___ EXTRACTED ENTRIES

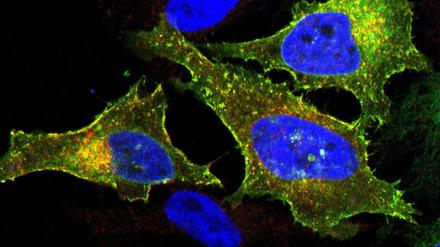 Erfolg geduldigen Forschens: Bucher Wissenschaftler entdeckten, dass das Protein LRRC8A (rot gefärbt) zusammen mit mindestens einem anderen der fünf Familienmitglieder (hier: LRRC8E, grün gefärbt, als Komplex vorliegend in Gelb) eine essentielle Komponente des volumenregulierten Anionenkanals (VRAC) in der Plasmamembran der Zelle bilden.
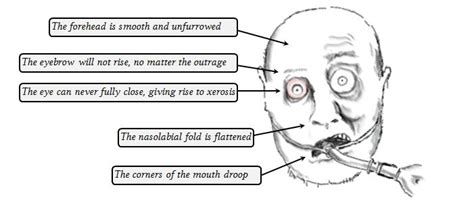 Facial Nerve Lesion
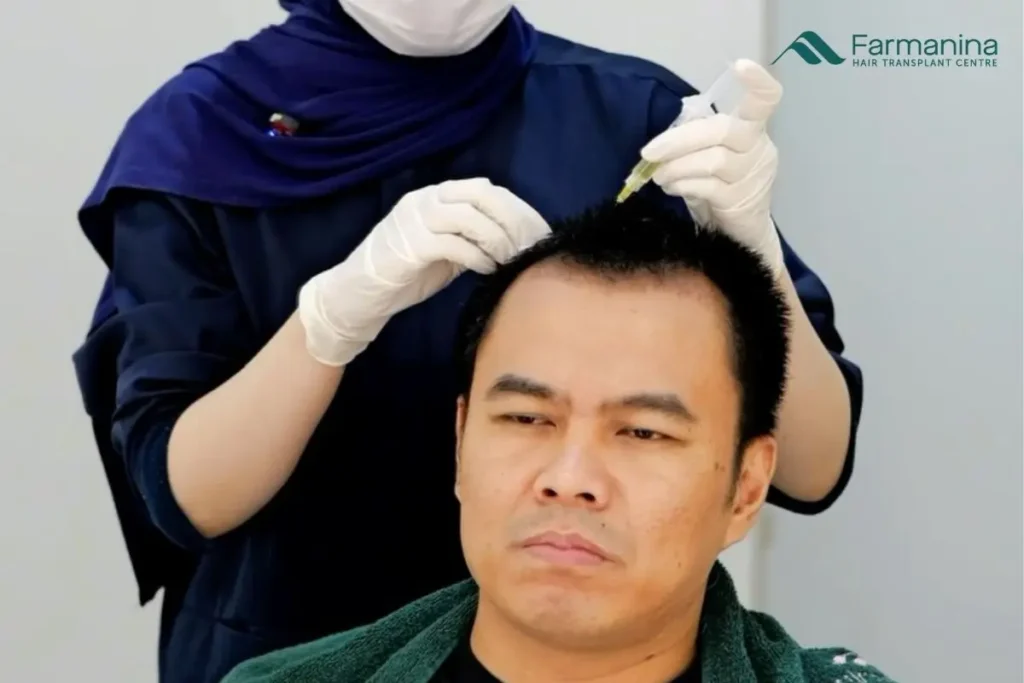 Treatment PRP di Farmanina Clinic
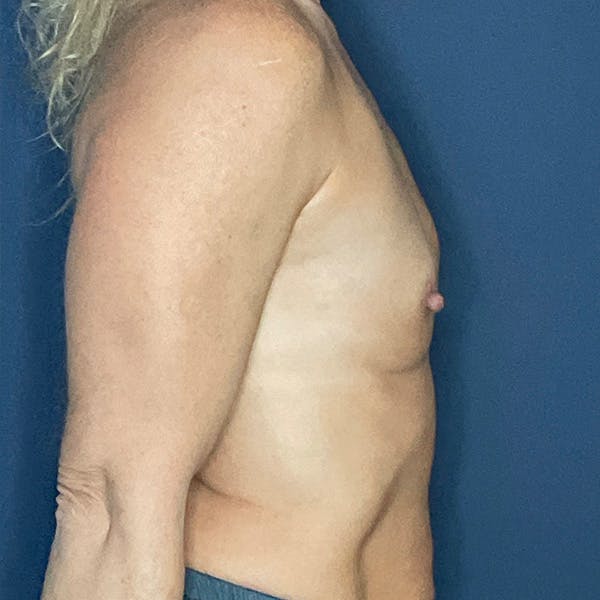 Breast Augmentation Before & After Gallery - Patient 250518 - Image 3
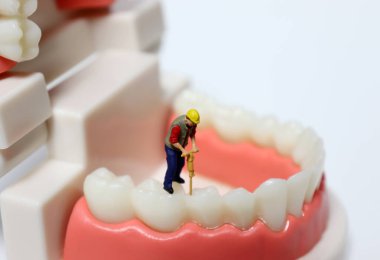 Diş modelinin üstünde duran minyatür bir adam..
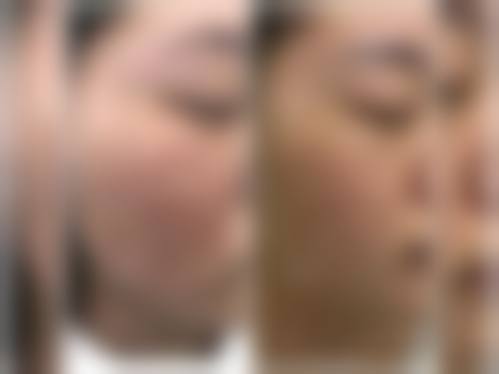六、濉溪县医院(烧伤整形外科)美容缝合技术优势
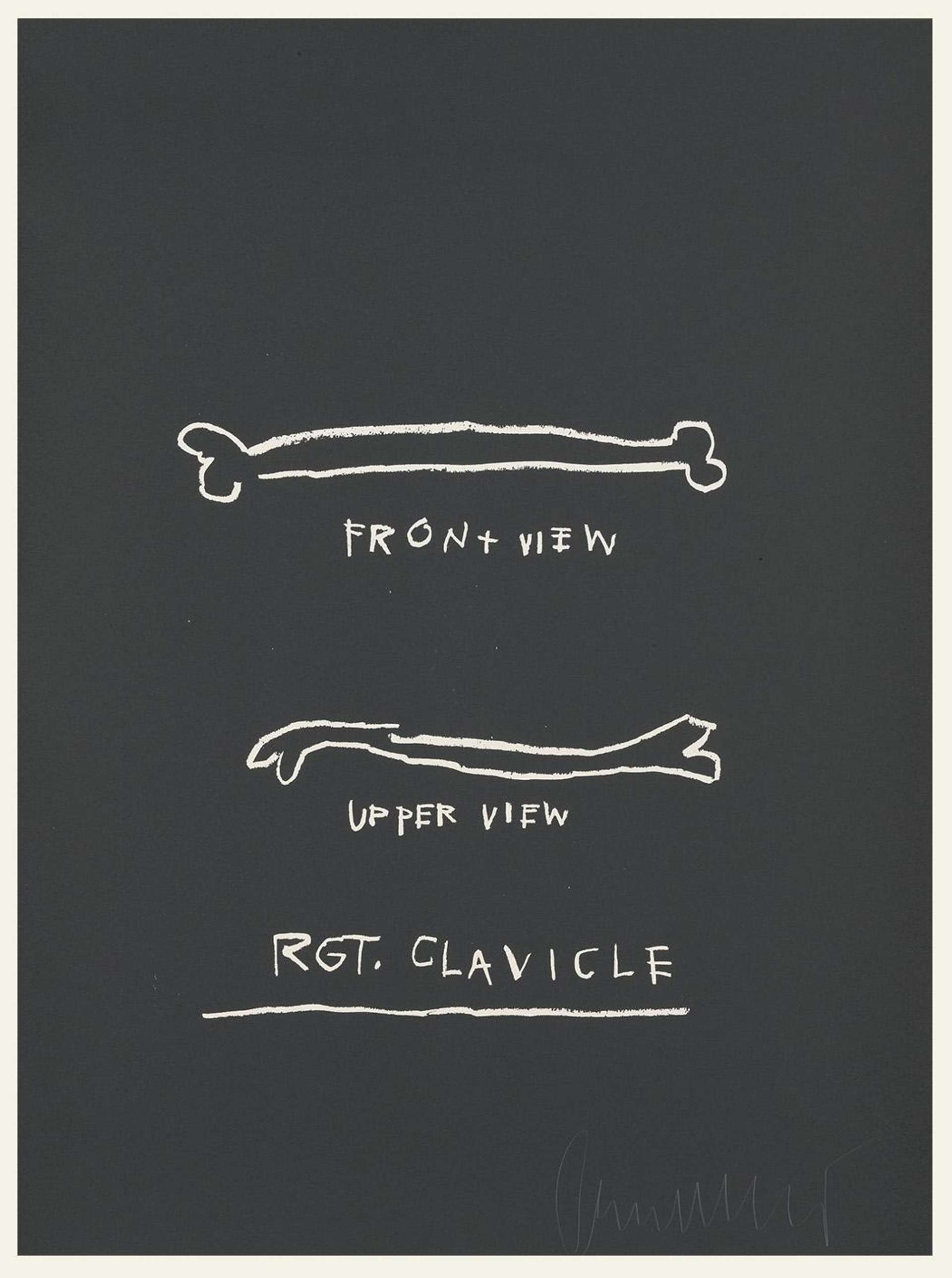 A screenprint by Jean-Michel Basquiat depicting bones and text in white against a black background.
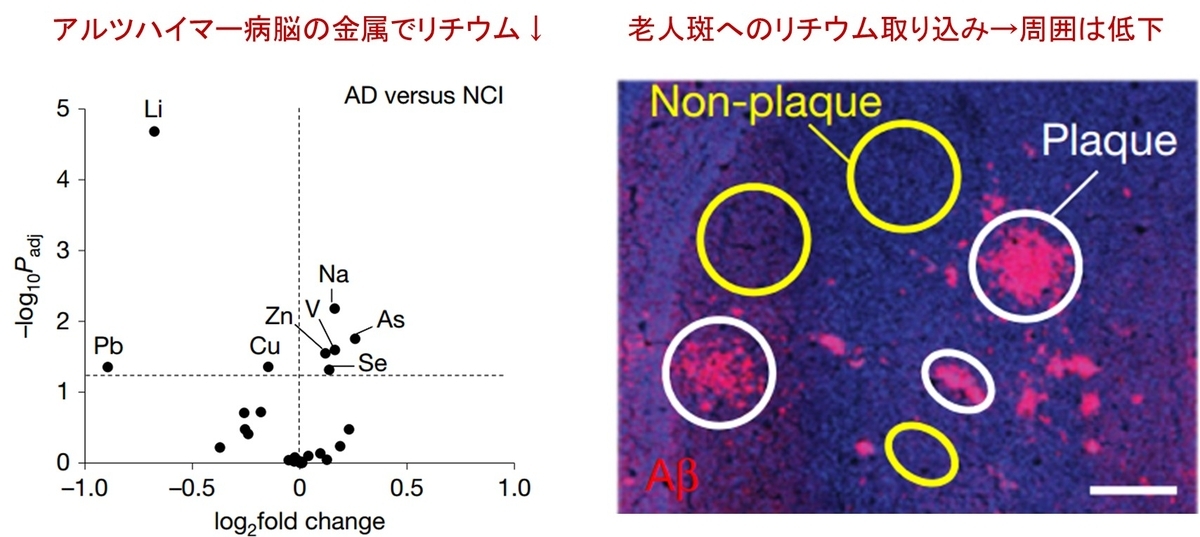 脳内のリチウム欠乏がアルツハイマー病を引き起こす！？ - Neurology
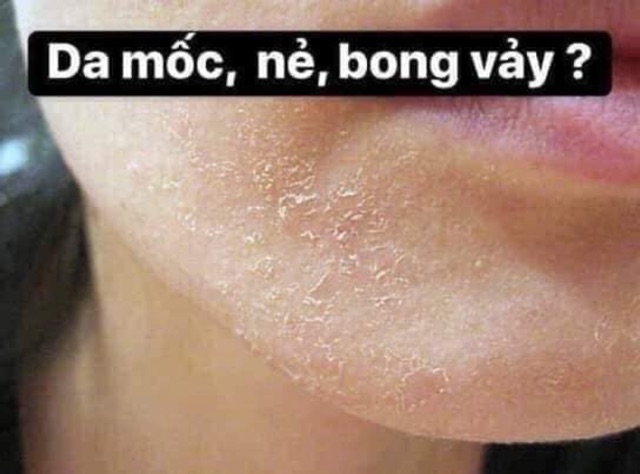 KEM NẺ VASELINE VIỆN BỎNG QUỐC GIA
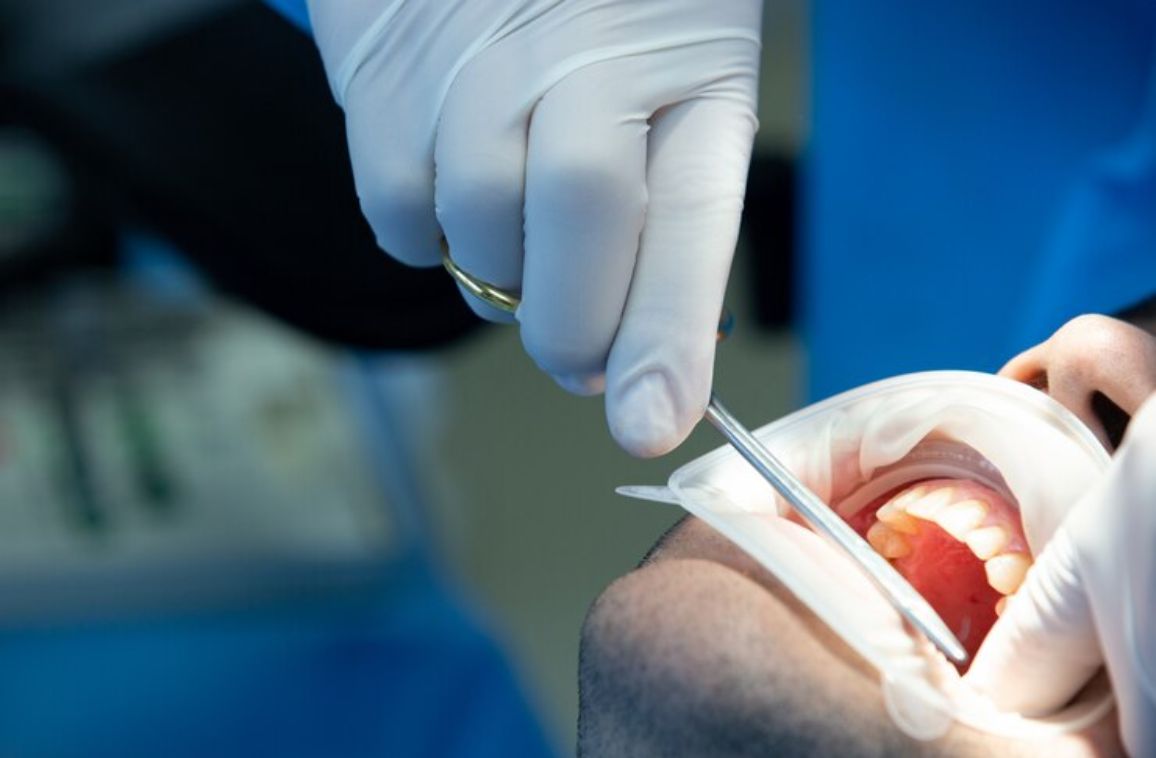 Bone Grafting for Teeth When and Why it’s Needed?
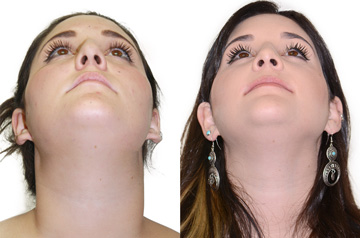 Face asymmetry correction chin view picture before and after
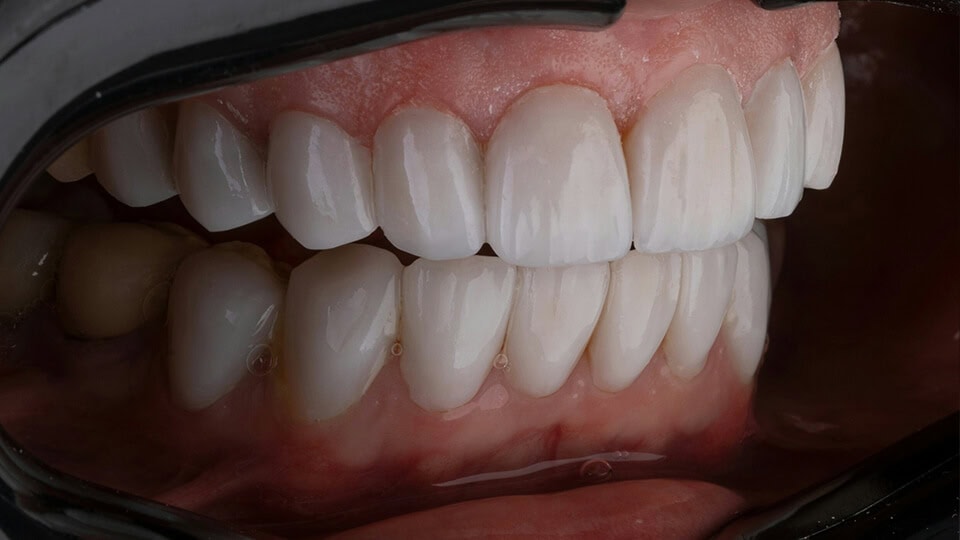 Image gallery marquee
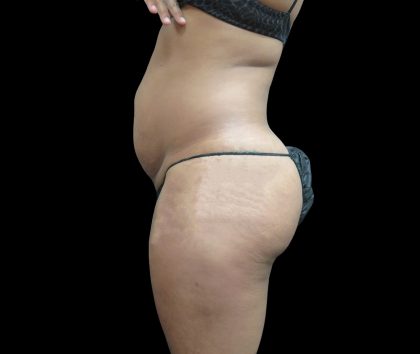 Liposuction Before & After Patient #2131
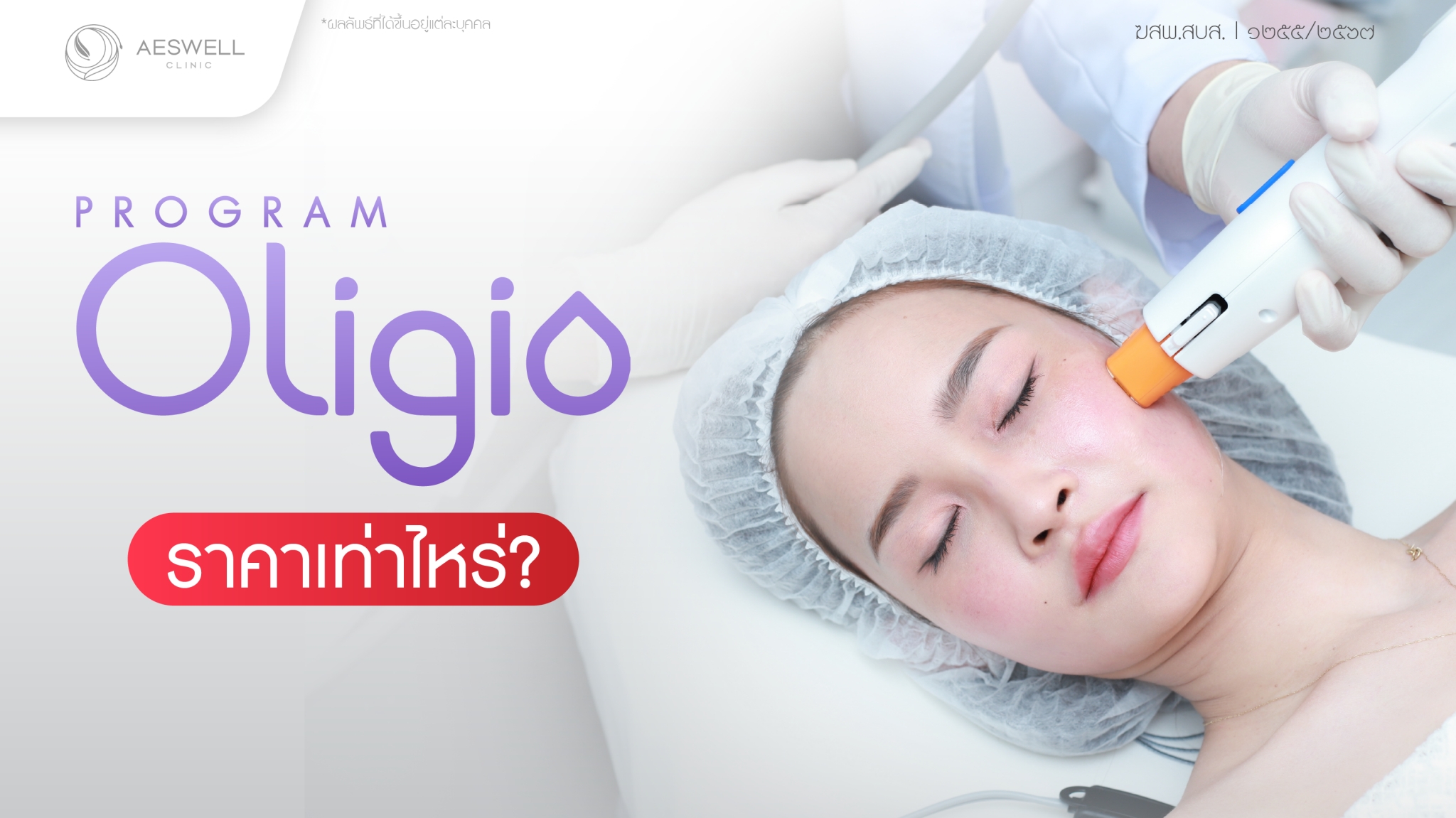 โปรแกรม Oligio ราคาเท่าไหร่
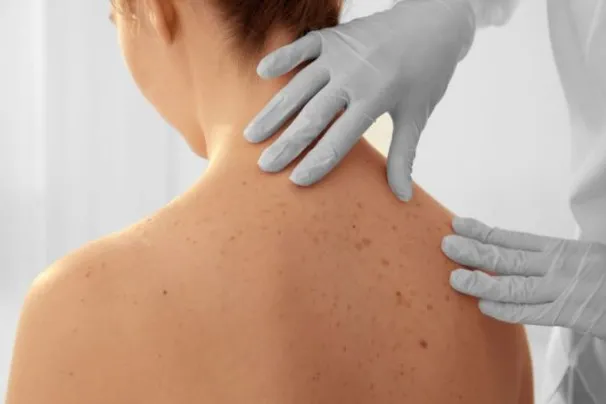 Dermatofibrosarkoma Protuberans Kanker Kulit Langka yang Perlu Kamu Tahu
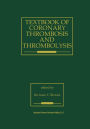 Textbook of Coronary Thrombosis and Thrombolysis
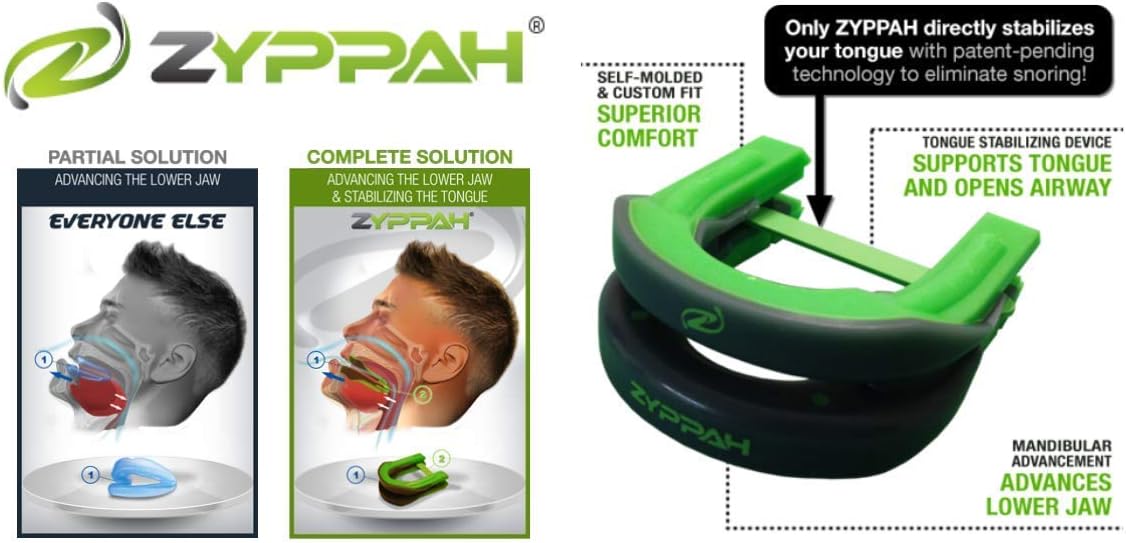 ZYPPAH Anti Snoring Hybrid Oral Appliance Mouthpiece Stop Snoring Sleep Aid Solution Snore Stopper Mouth Guard Device - Made in USA, FDA Cleared - Military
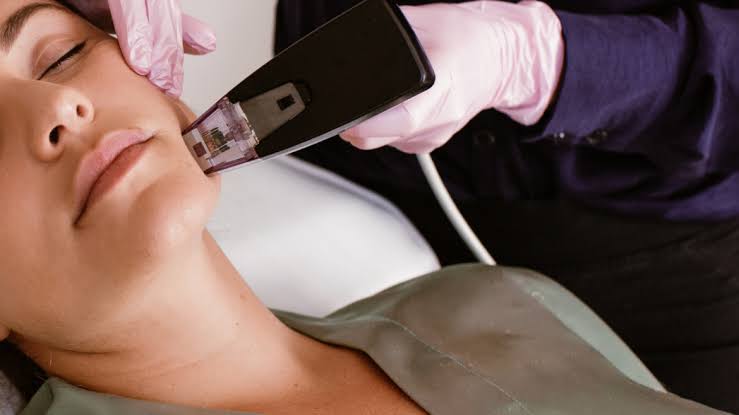 The Morpheus Enhance Treatment - Dr Nerina Wilkinson + Associates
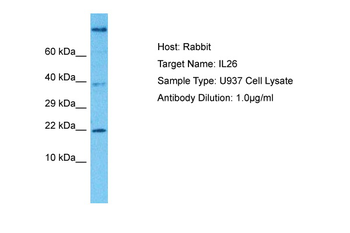 IL26 antibody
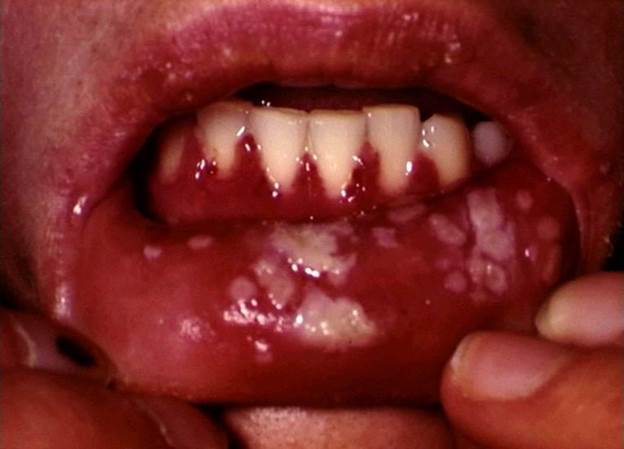 Description: Image result for herpes gingivostomatitis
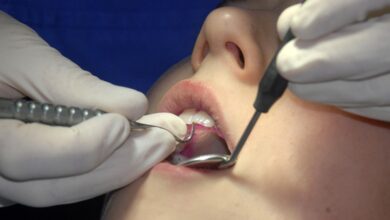 Стоматолог назвала пять портящих здоровье зубов привычек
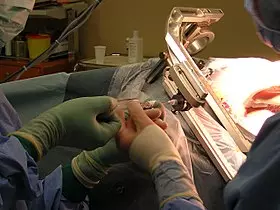 എന്താണ്, എന്തിനാണ് ബയോപ്സി? എന്താണ്, എന്തിനാണ് ബയോപ്സി?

______

WHAT THE EXERCISE ASKS
Look above for the line containing "Treatment PRP di Farmanina Clinic" and the line containing "Bone Grafting for", then reproduce both and everything between them exactly, pictures omitted.

FINAL ANSWER
 Treatment PRP di Farmanina Clinic
 Breast Augmentation Before & After Gallery - Patient 250518 - Image 3
 Diş modelinin üstünde duran minyatür bir adam..
六、濉溪县医院(烧伤整形外科)美容缝合技术优势
 A screenprint by Jean-Michel Basquiat depicting bones and text in white against a black background.
 脳内のリチウム欠乏がアルツハイマー病を引き起こす！？ - Neurology
 KEM NẺ VASELINE VIỆN BỎNG QUỐC GIA
 Bone Grafting for Teeth When and Why it’s Needed?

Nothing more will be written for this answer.